───── SUPPLIED RECORDS

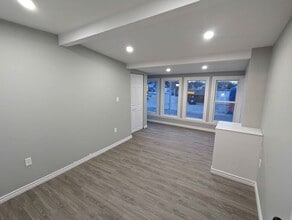 Building Photo - 282 Pillette Rd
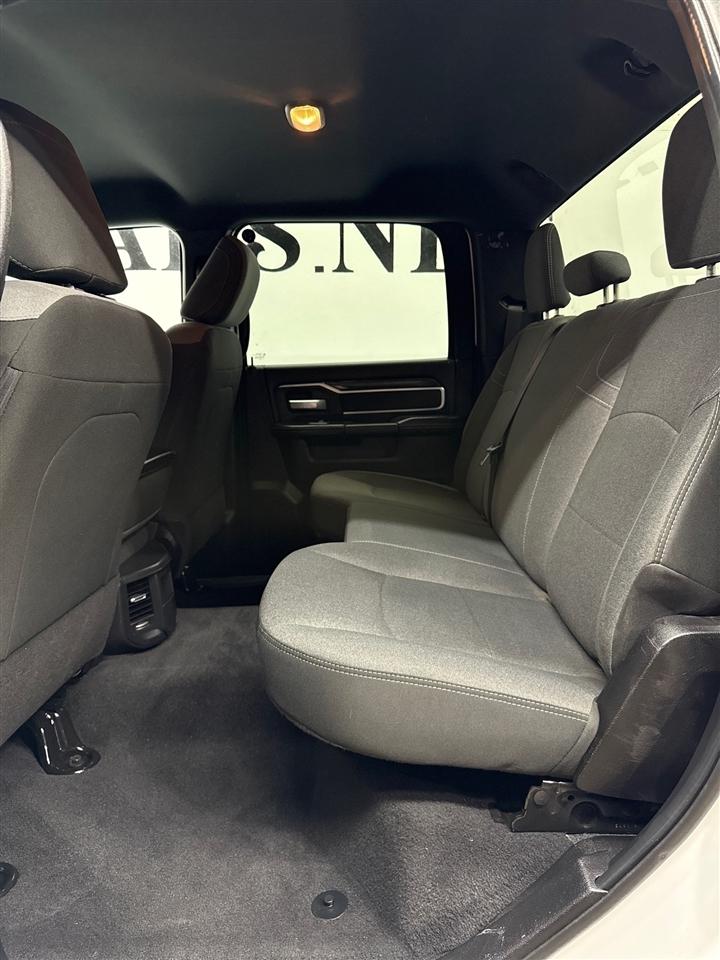 RAM 4500 Crew Cab SWB 4WD 2024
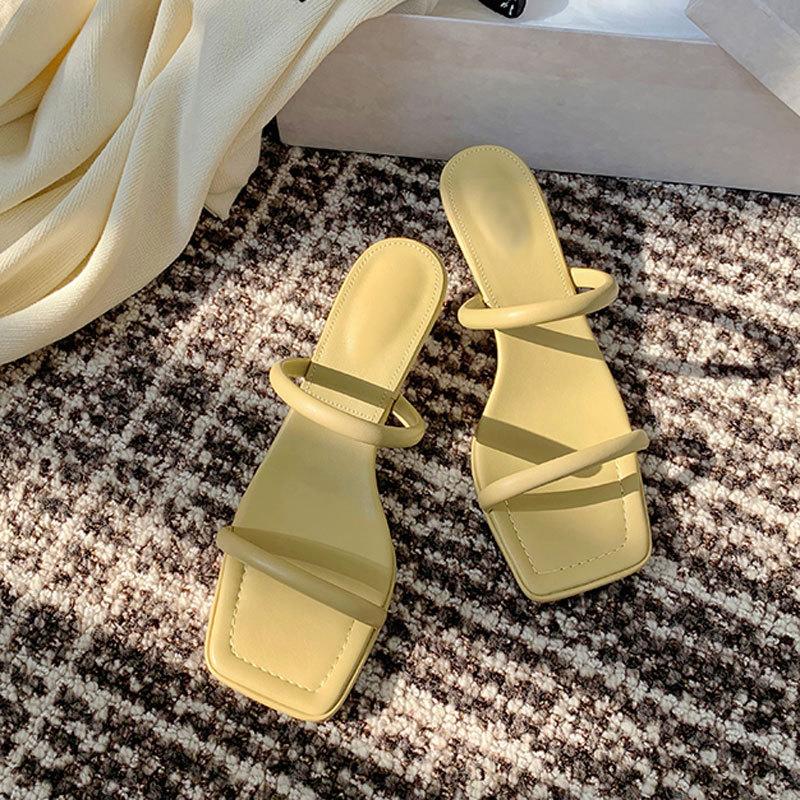 Модные летние женские босоножки на каблуке-рюмочке 2024 года — фото 7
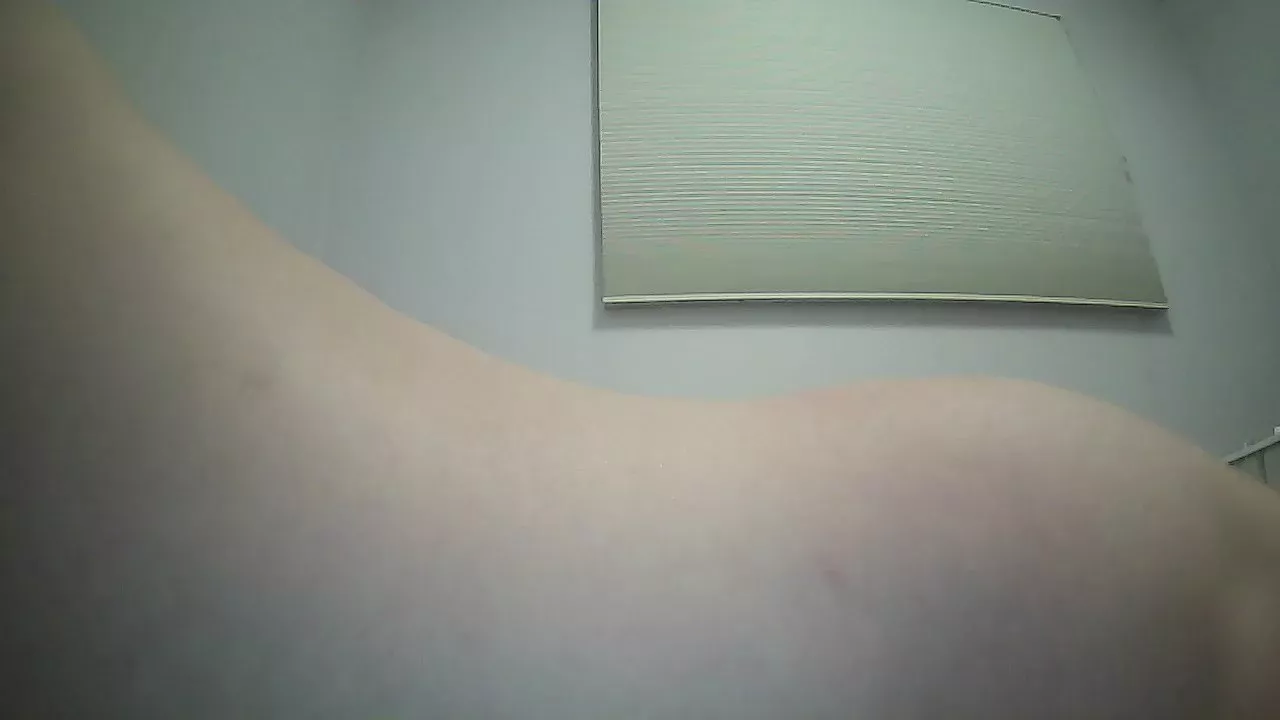 Offline Bareful_Bryanz on Cam4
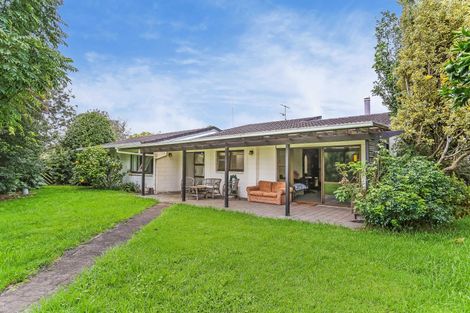 Photo of property in 120 Racecourse Road, Waiuku, 2123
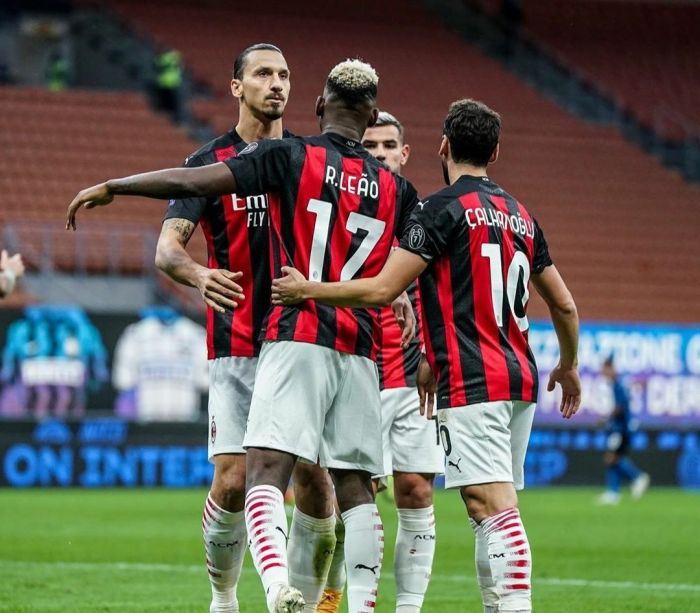 AC Milan siap mengeluarkan biaya besar untuk dua striker kelas dunia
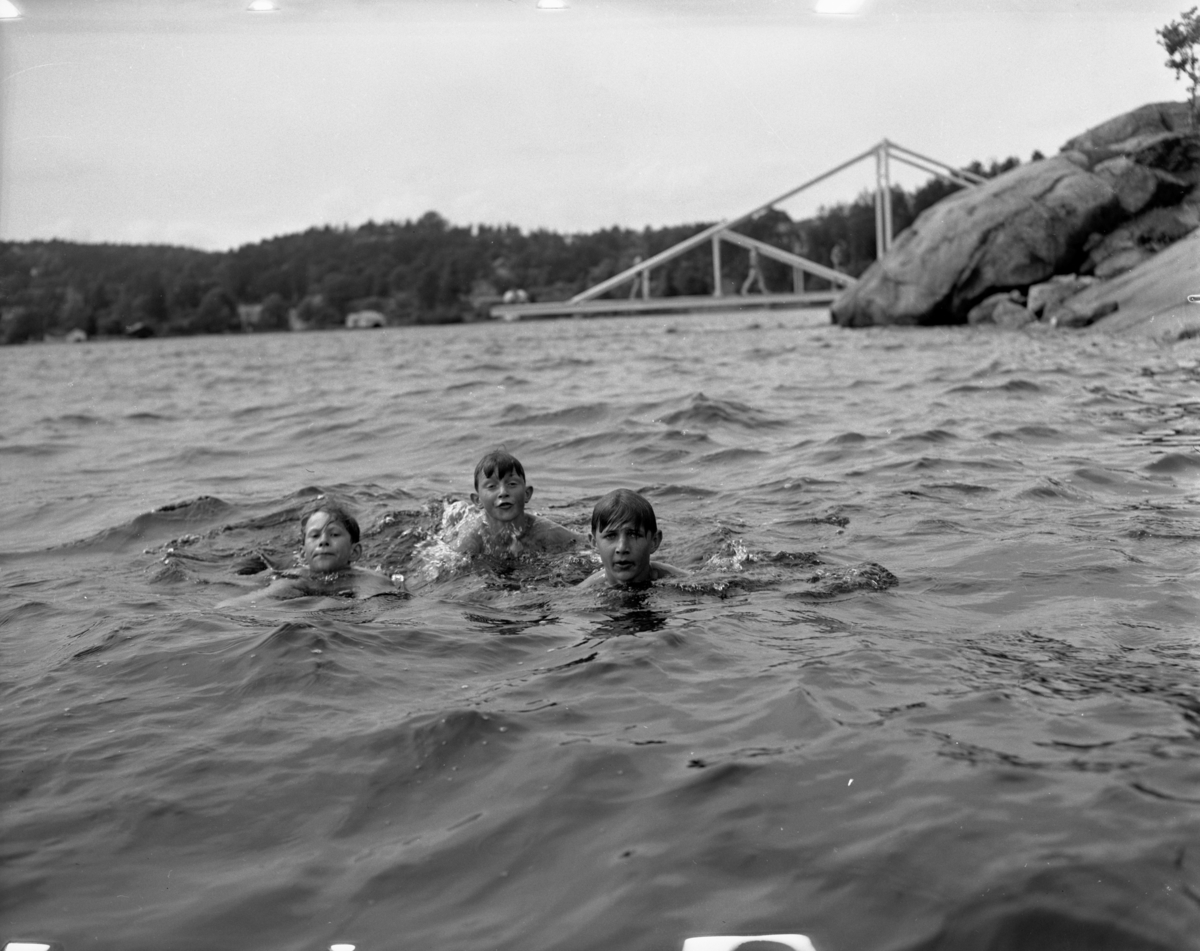 Vardens arkiv. "Bading på Olavsberget. Svømmeknappen og svømmekurs for skolebarn v/lærer Soltvedt" 18.06.1953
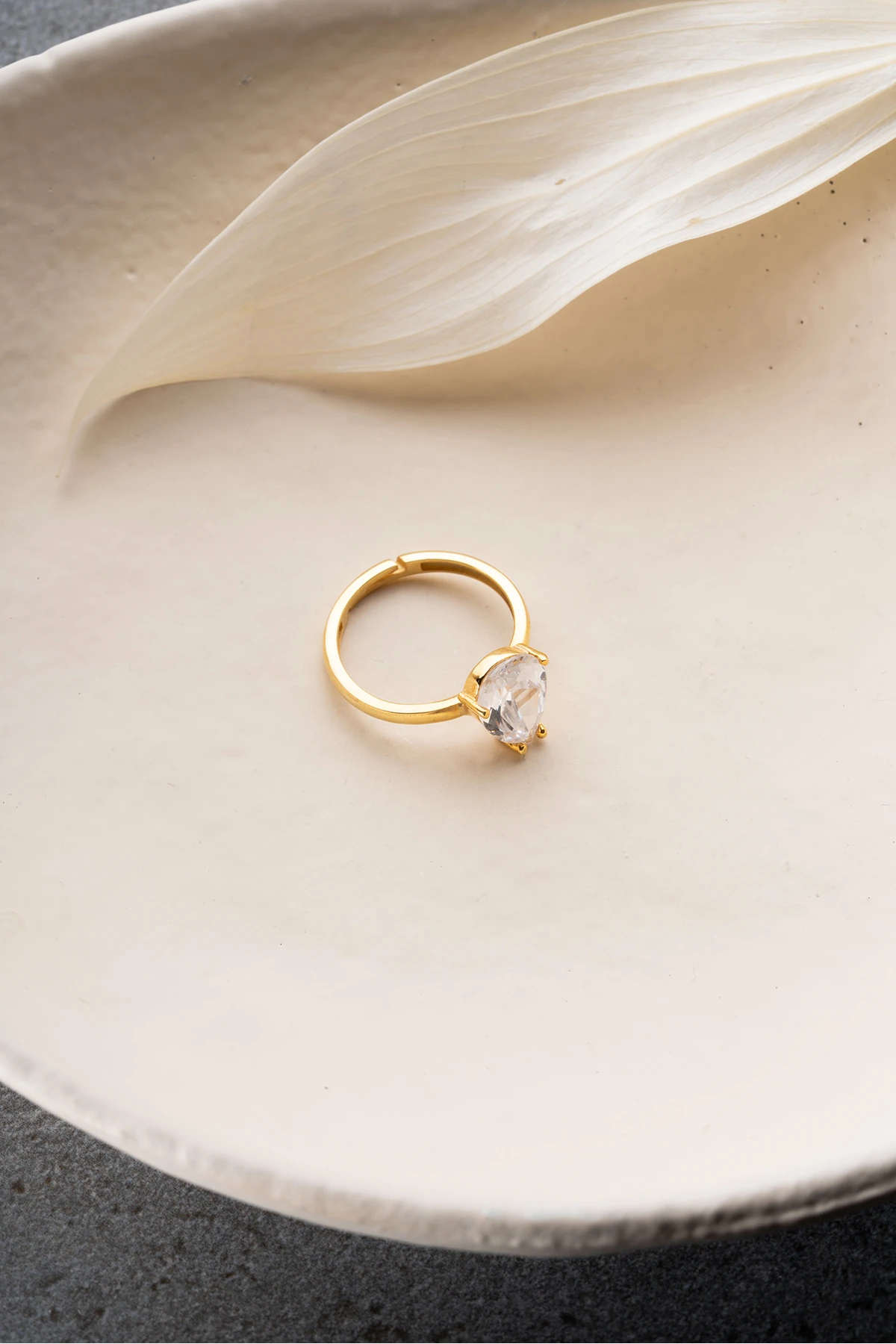 Gümüş Ayarlanabilir Damla Taş Yüzük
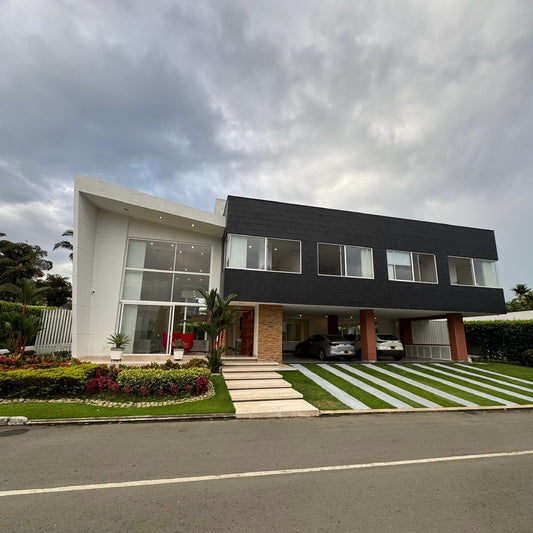 CASA A LA VENTA EN PANCE CALI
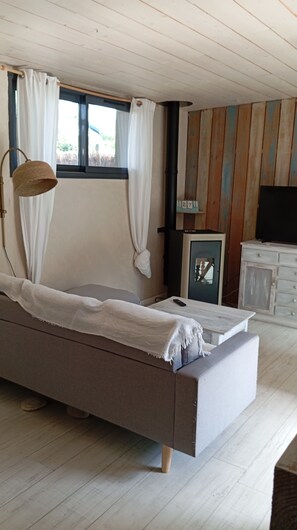 Ein Schlafzimmer mit einem Bett, einer Lampe, einem Fernseher und einem Schrank.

──────────

### [TASK STATEMENT]
Restate word for word the lines from the one containing "RAM 4500 Crew Cab SWB 4WD 2024" through the end of the material above, both included, and nothing besides; drop the pictures.

### [SOLVED PROBLEM]
 RAM 4500 Crew Cab SWB 4WD 2024
 Модные летние женские босоножки на каблуке-рюмочке 2024 года — фото 7
 Offline Bareful_Bryanz on Cam4
 Photo of property in 120 Racecourse Road, Waiuku, 2123
 AC Milan siap mengeluarkan biaya besar untuk dua striker kelas dunia
 Vardens arkiv. "Bading på Olavsberget. Svømmeknappen og svømmekurs for skolebarn v/lærer Soltvedt" 18.06.1953
 Gümüş Ayarlanabilir Damla Taş Yüzük
 CASA A LA VENTA EN PANCE CALI
 Ein Schlafzimmer mit einem Bett, einer Lampe, einem Fernseher und einem Schrank.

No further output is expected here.